Animal cruelty case dismissed against dog rescuer
Published 9:10 pm Tuesday, August 8, 2017
The case against a dog rescue owner charged with animal cruelty has been dismissed.
On Tuesday in Beaufort County District Court, Judge Darrell B. Cayton Jr. granted the motion to dismiss the state’s case against Julianne Harris, owner of Out of the Woods Rescue in Blounts Creek.
“I’ve never abused an animal in my life. To be vindicated now, it’s good. But it really doesn’t take away from everything that I’ve been through — and what the dogs have been through,” Harris said after the decision had been handed down.
Harris was charged with 27 counts of cruelty to animals in April, after Beaufort County Animal Control confiscated 27 dogs from the property on March 22 via a search warrant issued by the Magistrates’ Office.
However, it was the search warrant that resulted in the case being dismissed: there was not enough reason for probable cause to search the property.
The search warrant was issued on information that Harris had stolen two dogs and had possession of them on her property and had more than 100 malnourished dogs in filthy kennels in her house — all of which came from anonymous sources. Though the two missing dogs were found on the property, at the time, Second Judicial District Attorney Seth Edwards said the accusation of larceny was unfounded. Harris picked the dogs up after several people called the rescue about the dogs running loose for several days, and said they were malnourished and covered with ticks when she took them in.
The other anonymous source’s accusation of more than 100 kennels in the home occupied by malnourished animals also was not established and, ultimately, was proven not to be the case — which led to an issue of that source’s credibility.
Another issue informing Cayton’s decision was that Animal Control Officer Bob Breisacher spoke to Harris at her Blounts Creek home, where Out of the Woods Rescue was located, earlier on the day the search warrant was issued. While Breisacher testified Tuesday that he saw 12 dogs on the premises, some inside the house and some in the fenced-in yard, and that the home “was very unkempt,” when the warrant was issued there was no information about the physical state of the dogs he observed.
“I think what’s really key is that you have an officer going on the property and doesn’t say a thing about the dogs’ conditions except they’re healthy,” Les Robinson, Harris’ attorney, said during the hearing. “Here’s a person who knows what dogs look like when they’re being mistreated. It’s different if you saw some things, but here, there’s not a word about them being mistreated.”
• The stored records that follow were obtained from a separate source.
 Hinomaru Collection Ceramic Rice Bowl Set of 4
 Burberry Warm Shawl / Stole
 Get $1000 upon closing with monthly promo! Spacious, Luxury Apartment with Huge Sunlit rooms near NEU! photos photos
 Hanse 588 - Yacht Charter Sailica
Though Assistant District Attorney Kimberly Dixon dropped 15 of 27 of the animal cruelty charges at the hearing’s start, she argued that this was not the typical animal cruelty case — though the animals were in good health, the living conditions of Harris’ home qualified as “tormenting of animals” and were “depriving them of the type of home they should be living in.”
“At best, what I have is 12 dogs that are observed, 13 dogs that are not,” Cayton said before granting the motion to dismiss. “There is nothing regarding the conditions of the dogs.”
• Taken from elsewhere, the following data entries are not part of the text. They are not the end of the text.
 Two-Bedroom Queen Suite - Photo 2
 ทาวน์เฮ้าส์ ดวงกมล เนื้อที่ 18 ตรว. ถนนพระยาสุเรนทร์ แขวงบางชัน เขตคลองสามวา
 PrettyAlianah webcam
Harris said it should have been the state of the dogs and not the state of her home that took precedence in the case.
“I loved every one of those dogs. I took good care of them. I might not have taken such good care of myself, but the condition of the dogs kind of speaks for itself,” Harris said. “My house was a mess at the time, and it’s embarrassing for me. My house was a cluttered mess, but the dog’s crates were clean. I had three different play areas outside, and they would play in groups.”
All of the dogs confiscated by Animal Control were ultimately rescued or adopted out by the animal shelter, according to an earlier interview with Animal Control Chief Billy Lassiter. Many of the dogs were older and had been with Harris for several years.
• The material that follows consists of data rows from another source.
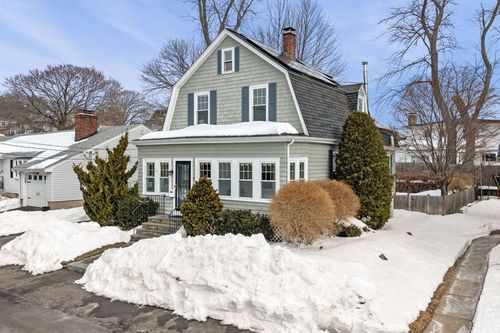 22 Hemenway Rd, Swampscott, MA, 01907 | Card Image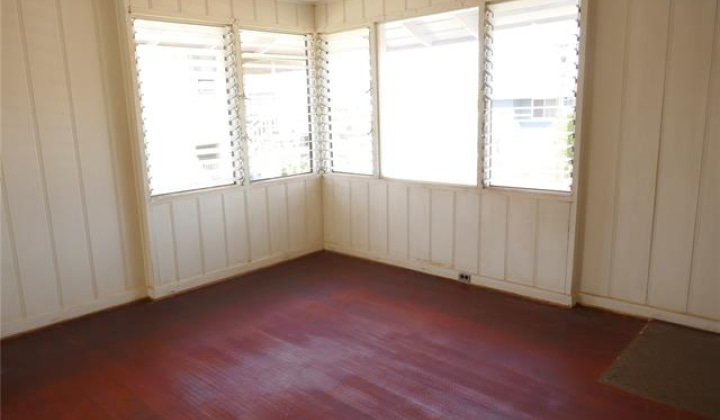 637 11th Avenue,Honolulu,Hawaii,96816,2 Bedrooms Bedrooms,1 BathroomBathrooms,Single family,11th,18145136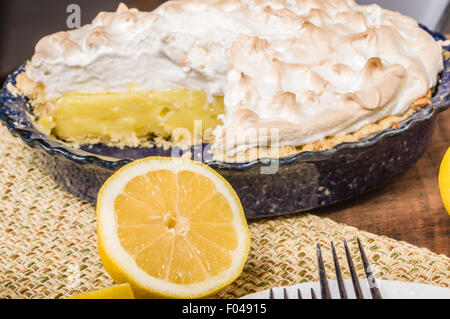 Hausgemachte Zitronen Baiser Torte mit Zitrone Schnitt Obst Stockfoto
“I know where about 12 of them are and almost every one of them got adopted by their foster homes. … That’s what I wanted all along. It makes me happy,” Harris said. “But I don’t know where the others are. I don’t know if they’re on a chain. Right now, I’m not so sure several of them aren’t living that life right now. … I think that’s my biggest and concern. I worry about them.”
Harris said after trespassers on her property forced her to leave her home and fighting the animal cruelty charges against her, she’s through with the rescue business and will focus on her remaining personal dogs, all of which are between the ages of 16 and 20 years old.
“The biggest thing for me that I want people to know is that I’ve never hurt an animal in my life. I’ve spent my life’s savings on these dogs that were abandoned by other people. All I wanted all along was these dogs to have a home, but I’m not going to dump them at the shelter,” Harris said. “After going through this — it has absolutely killed me. … I put too much time and put my heart into it, and I just can’t do it anymore.”